Closing the skills gap: Grant to help build competitive workforce
Washington, DC —A half-million dollar grant to a manufacturing organization seeks to bring higher education opportunities to more people. The Lumina Foundation awarded $538,000 to the Manufacturing Institute/Center for Workforce Success (the research and education arm of the National Association of Manufacturers ) and its partners for Business Champions , an initiative to catalyze business leadership to support policies that expand educational opportunities aimed at building a competitive U.S. workforce. The efforts could lead to smarter designs and implementations of instrumentation, motors and drives, and other automation technologies.
Business Champions will work with the American Association of Community Colleges and the Corporation for a Skilled Workforce to promote policies that improve access, affordability, and success for postsecondary students, and expand opportunities to prepare for good jobs to people of all ages and backgrounds.
"It's a critical time for business leaders to speak out and support efforts to improve greater student access to and success in college," said John Engler, NAM president. "Globally engaged employers in America are in the fight of their lives for skilled talent. With the baby boom generation retiring, the shortage of skilled employees for today's high tech workplace is growing worse every year."

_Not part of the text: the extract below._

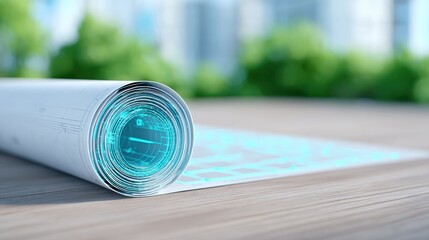 Unrolled Blueprint with Glowing Digital Grid on Wooden Table, Representing Innovation and Technological Advancement for Engineering and Construction : Generative AI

According to Martha D. Lamkin, Lumina Foundation president and CEO, the U.S. has already lost its position as the world's most educated nation and that reports suggest the low skill level of the American workforce is a real and pressing problem. Business leaders, policymakers, higher education officials, and employers are expected to work together with these organizations to make higher education more affordable and align course offerings more closely with the demands of 21st century employers.